Based on these facts, TurnKey’s attorney, who authored the request, opines that TurnKey’s token does not constitute a security under federal law and asks the SEC for a no-action letter.  At the outset, the request readily concedes that the token satisfies the first two Howey elements (investment of money and common enterprise).  Regarding the third and fourth elements (profit expectation from efforts of others), however, the request argues that consumers cannot obtain any profit for at least the following reasons:

  • They cannot freely transfer the tokens.
  • They were advised and have represented the purchase was not for profit.
  • They have no right to capital appreciation, profit, or similar payments.
  • TrueKey offers ongoing token sales for $1 US per token, preventing any token appreciation in value.

The staff of the Division of Corporation Finance responded with a brief no-action letter (available here), stating that the Division would not recommend enforcement action if TurnKey offers and sells the token without registration as described in the request.  In agreeing with TurnKey’s position that the tokens did not constitute securities, the letter emphasized the following:

  • TrueKey will not use the sale proceeds to develop the network.
  • The network will be fully developed at the time of sale.
  • Token sale will be restricted.
  • TrueKey will sell tokens for $1 US on an ongoing basis, and any repurchases will be at a discount from face value.
  • TrueKey has marketed the token for its functionality, not investment potential.


Neither the Framework nor the no-action letter represents a departure or even a modification of prior positions taken by the SEC (and increasingly by federal courts).  They do, however, crystallize some detailed considerations that issuers and others in the industry can look to for guidance.  Overall, it seems that tokens will likely be considered securities by the SEC if they (1) are freely tradeable for profit and (2) derive value in part not just from market forces but also from an underlying common enterprise (such as an issuer enterprise that provides token holders with profit payments, equity, or even services).  This explains the apparent exclusions for pure cryptocurrencies such as Bitcoin, which do not derive value from an underlying common enterprise (the SEC has now clarified that a distributed enterprise, such as a group of mining nodes, will not qualify); for stablecoins, which by definition should not be profitable; and for pure utility tokens, like TurnKey’s token, that also should not be profitable.

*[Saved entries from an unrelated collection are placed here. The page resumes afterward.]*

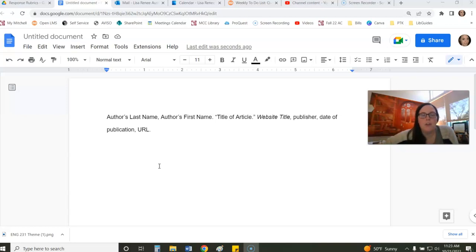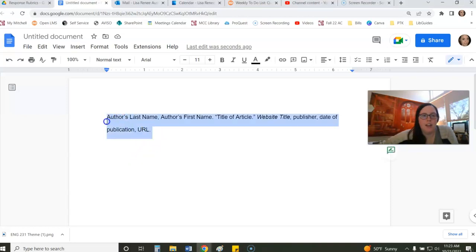So once you have created your citation, all you need to do is highlight that citation or highlight a series of citations that have been created correctly.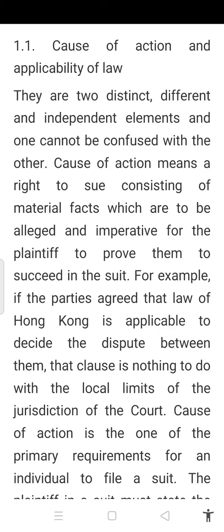The cause of action, once ascertained, would constitute the starting point in the context of reckoning of limitation.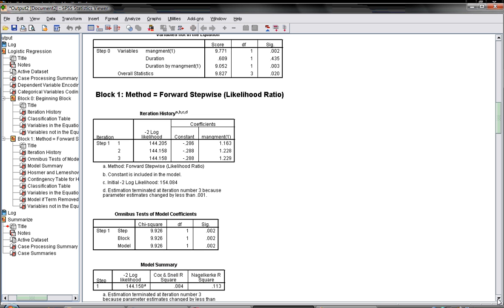I will stop here and I will continue with the next clip to examine the rest of the output.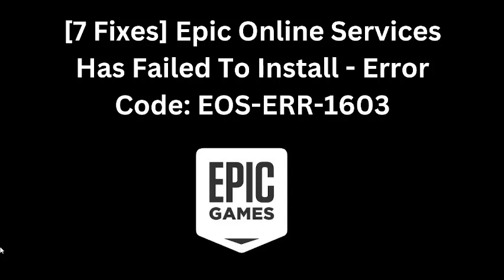Are you getting this error message on Epic Games? If yes, then watch this video till the end because I am going to give you the best solution.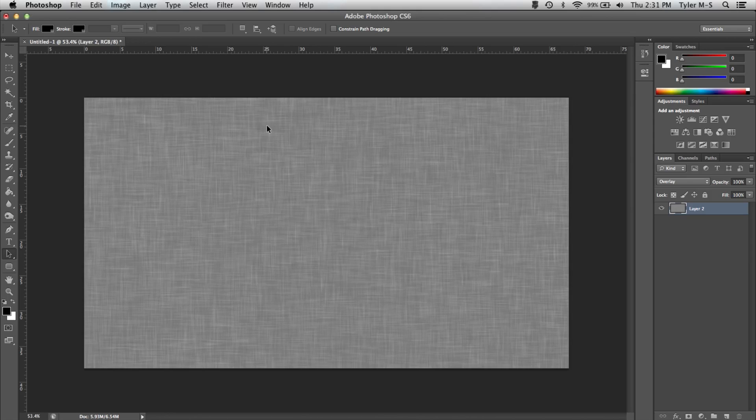Hey guys and girls. Today I'm going to be showing you how to make a simple fabric background on Photoshop CS6.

More generally, in our view the Framework and TurnKey’s no-action letter symbolize a maturing of the industry and acceptance by regulators.  The SEC has now stated more clearly than ever that not every digital asset is a security and that prudent digital asset issuers can avoid securities regulation under certain circumstances.  At the same time, it remains clear that calling an asset a “token” or a “coin” will have little, if any, bearing on whether the SEC will view it as a “security.”  As always, digital asset issuers will need to carefully analyze the characteristics of those assets before determining what regulatory scheme(s) may apply.